How To Love Your Water

In the wake of the recent media commotion around clean water and what 'swimmable' really means, Oliver Vetter takes us to school on the issue. As an Oceanographer he knows the science – long story short it's (literally) a load of shit, and as Sustainable Coastlines' Wellington Project Manager, he knows what we can do about it. Love. Your. Water.


I’ve been in Aotearoa for three years and what I’ve witnessed is that Kiwis, on the whole, have a deeper relationship with their waterways and coasts than most others. It could be because, whether you’re on the North or South Island, you’re never more than 75km from the ocean – and a lot closer than that to your nearest stream or river.

There’s been a lot in the press recently about fresh water issues, particularly around the government’s new standards. There's a lot of misunderstanding out there, and I strongly suggest you to read the detail on how those changes are measured before you share the first link you see in Facebook outrage. Please read the references below.

I’m not going to get into the nitty gritty but here’s a very brief summary to get you started. Firstly understand the jargon – regardless of any other pollution sources the standard ‘Swimmable’ is only determined by E. coli levels, E. coli being a bacteria present in the guts of all warm blooded animals – yep, it’s the measurement of shit in the water, and works quite accurately as a proxy the probability of the disease carrying bacteria in that shit making you sick.

As someone who has watched good friends battle through water chemistry post-grad studies, I swear that water chemistry is by far the most time consuming, difficult, expensive and generally awful of all Earthly scientific data collection. 

A single data point can take days of careful collection, sampling, storage, then physical counting of the ‘colony forming units’ under a microscope. For this reason I became an ocean physicist, but the point is; E. coli measurements are relatively robust, cheap and easy to do.

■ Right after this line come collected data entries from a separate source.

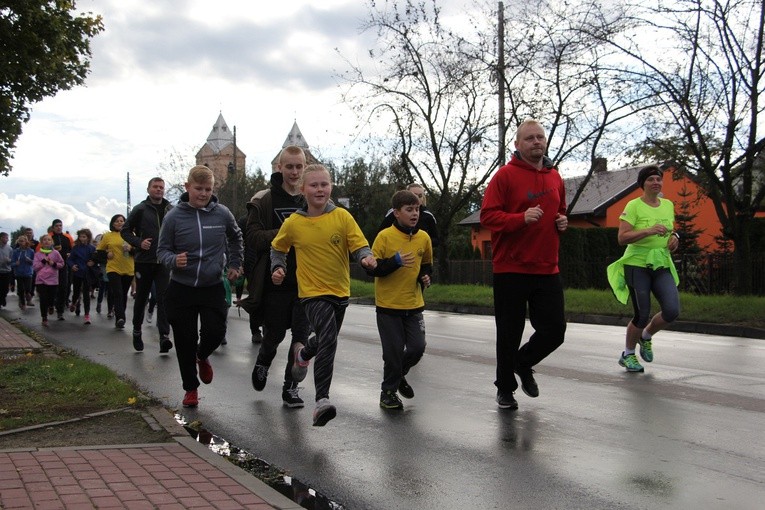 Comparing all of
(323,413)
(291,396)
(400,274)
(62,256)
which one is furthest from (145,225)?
(62,256)

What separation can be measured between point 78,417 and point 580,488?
3620 mm

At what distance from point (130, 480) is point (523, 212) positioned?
124 inches

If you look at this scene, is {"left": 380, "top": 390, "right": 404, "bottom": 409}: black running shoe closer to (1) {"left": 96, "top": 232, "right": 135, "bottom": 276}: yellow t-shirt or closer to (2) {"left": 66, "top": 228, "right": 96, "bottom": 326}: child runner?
(1) {"left": 96, "top": 232, "right": 135, "bottom": 276}: yellow t-shirt

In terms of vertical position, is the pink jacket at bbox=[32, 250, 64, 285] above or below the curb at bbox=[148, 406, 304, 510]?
above

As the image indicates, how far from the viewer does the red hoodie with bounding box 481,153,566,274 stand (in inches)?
247

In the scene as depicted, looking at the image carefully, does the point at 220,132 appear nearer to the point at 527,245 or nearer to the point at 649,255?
the point at 649,255

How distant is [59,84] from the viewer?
19.4m

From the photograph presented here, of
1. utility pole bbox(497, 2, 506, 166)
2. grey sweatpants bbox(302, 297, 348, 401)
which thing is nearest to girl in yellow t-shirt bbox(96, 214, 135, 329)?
grey sweatpants bbox(302, 297, 348, 401)

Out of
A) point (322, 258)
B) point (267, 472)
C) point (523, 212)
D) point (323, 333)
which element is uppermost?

Councils submit their water quality data to the Land Air Water Aotearoa (LAWA) website where ‘Acceptable’ was 260 E. coli counts per 100ml of water (about half a cup), ‘Alert’ was 260-550 E. coli and ‘Action’ was set at 550 E. coli counts. So at 550 E. coli counts they’d put signs up advising against swimming, taking kai, or any contact activity that might entail you drinking some of that water.

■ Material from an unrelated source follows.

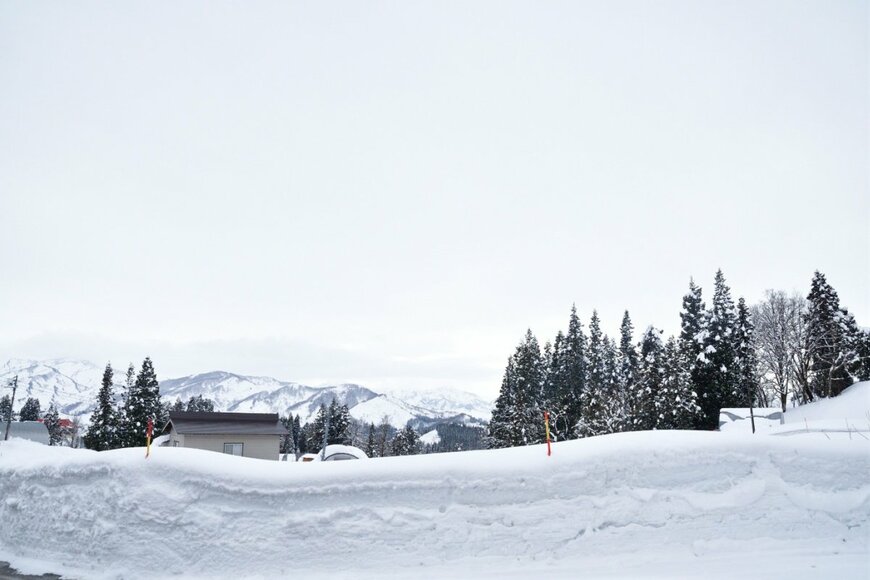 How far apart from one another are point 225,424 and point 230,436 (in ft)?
5.74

In their latest clean water document the government are proposing that to be ‘Swimmable’ a river must reach the ‘Fair’ water quality standard 80-90% of the time. This means they’ve shifted the definition of ‘Swimmable’ to 540 E. coli counts per 100ml – just below the level at which LAWA would recommend action (signs etc). That being said they have also recommended an increased suit of sampling, which would be advantageous to understanding a full picture of water quality, and they are setting goals to increase the number of ‘Excellent & Good’ rated rivers, from 55% to 70% by 2040. 

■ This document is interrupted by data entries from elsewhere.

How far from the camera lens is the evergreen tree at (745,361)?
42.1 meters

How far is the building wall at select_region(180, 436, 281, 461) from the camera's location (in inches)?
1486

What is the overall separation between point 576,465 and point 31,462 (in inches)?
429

So that is what it is. But I don’t find it particularly relevant; wherever you sit politically, the public discourse is a positive step and unless you’re a bank or a billionaire you might be waiting a while for government intervention – Kiwis know there’s something wrong with their rivers, and they’re doing something about it.

At Sustainable Coastlines we do what we do because we see a need and we have motivation and opportunity to act. We focus on simple, local solutions to local, national and global issues. Simply put we run education programmes with hands on events to lock in the learning – beach cleanups in the summer and tree planting in the winter. Our winter programme ‘Love Your Water’ focuses on riparian planting as a practical solution to improve river water quality.  

Those areas we don’t have expertise in, we ask, we learn and we collaborate, then we pass on that motivation and opportunity to others. Each and every planting and restoration group I’ve been involved with, from Whangarei to Stewart Island, has taught me something new about the stream or the plants or the people who are on the ground, boots in the mud and hands on the plants.

Yes, we do riparian planting to reduce E. coli bacteria that are carried via shit into the river. But this is just one of the many economic and environmental advantages you get from riparian planting. It also helps; reduce sedimentation from stream bank collapse; soak up field runoff such as nitrate and phosphates; protect cattle from falling in the river; reduces disease amongst animals; reduces silt in harbours which improves shellfish and fish spawning habitat; native trees provide shade, habitat and spawning sites for native fish and eels; native birds return, which in turn propagate more trees; riverside plants reduce energy during flood events; cattle have shelter from wind and sun; farm workers are safer as fewer animals need saving from waterways… 

There are more; but what we offer as part of our Love your Water programme is an understanding of the issues and we provide the motivation and opportunity to enable people to be part of a solution. Last year I spoke to more than 3500 kids about these issues and connected hundreds with nature to look after the water that they love. We planted trees.

E-coli measurements are a simplification of what’s wrong with our rivers – “there’s just too much shit in them!” But it’s not the whole story. And while riparian planting is no silver-bullet solution, it’s a great goddamn start.

So let them argue. Let them follow; the restoration groups are out there leading, doing it for themselves and their families and their communities. Why not plant the waterways? Why not re-connect people with their waterways again? It’s more helpful than arguing over bull – or cow – shit.

– Oliver Vetter.


Sustainable Coastlines are out there with practical solutions that inspire Kiwis to take care of our coastlines and waterways. They're a partner charity of ours, meaning you can easily support them with one percent of your income by joining One Percent Collective. Learn more below.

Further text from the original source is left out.